Provided data »
= Beginning of Section =

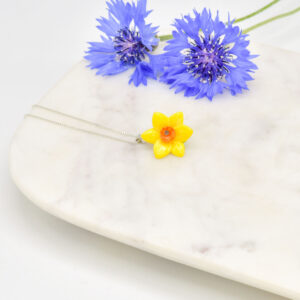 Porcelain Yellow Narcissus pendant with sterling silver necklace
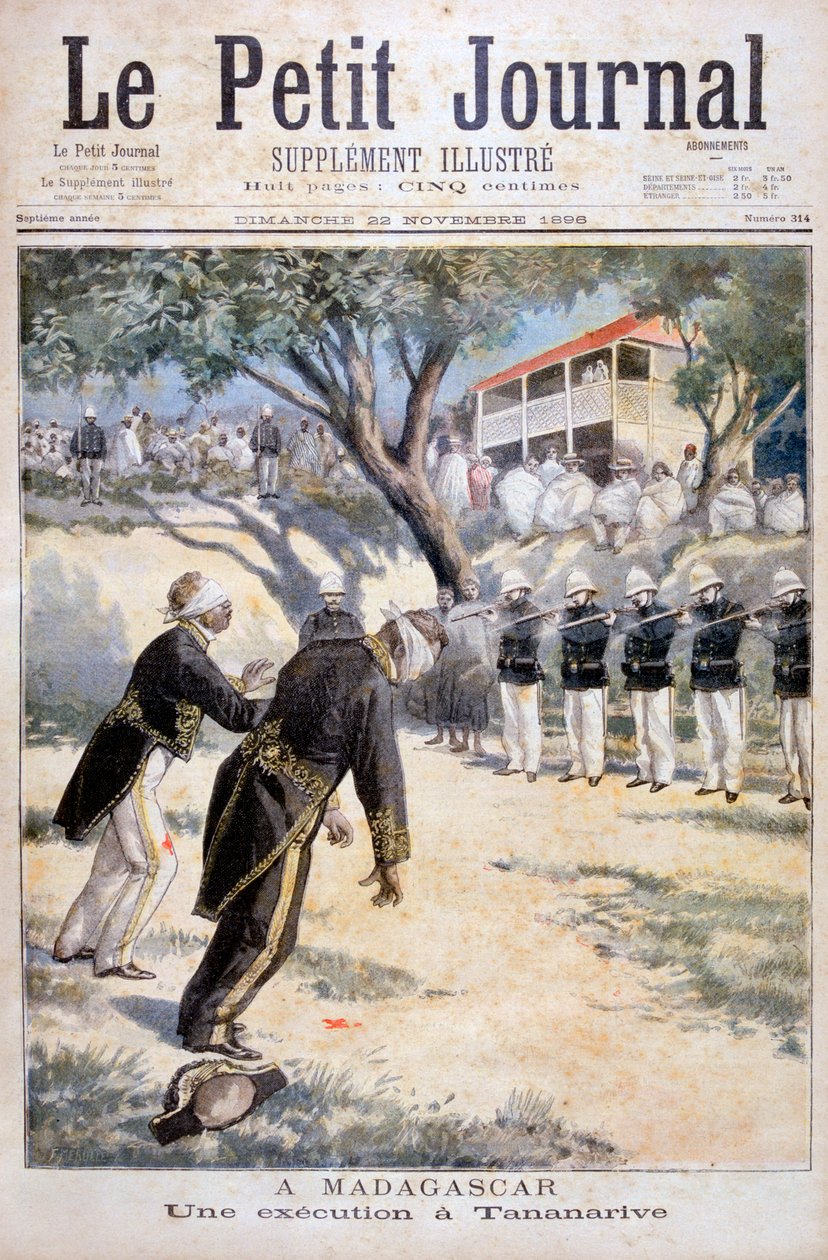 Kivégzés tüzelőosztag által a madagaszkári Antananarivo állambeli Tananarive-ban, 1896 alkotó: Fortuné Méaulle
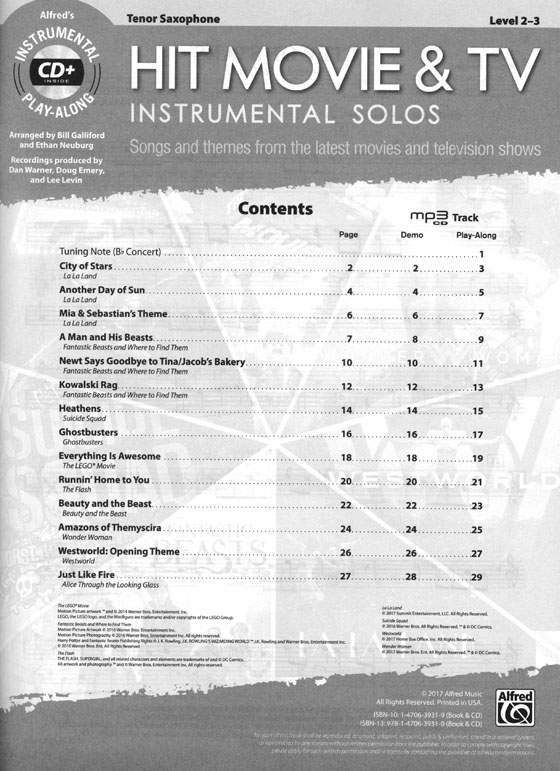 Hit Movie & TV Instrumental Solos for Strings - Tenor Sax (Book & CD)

= End of Section =

Work task » Only what runs from the line with "Kivégzés tüzelőosztag által" through the last line of the listing above belongs in the answer, set down exactly and free of pictures.

Exercise solution »
 Kivégzés tüzelőosztag által a madagaszkári Antananarivo állambeli Tananarive-ban, 1896 alkotó: Fortuné Méaulle
 Hit Movie & TV Instrumental Solos for Strings - Tenor Sax (Book & CD)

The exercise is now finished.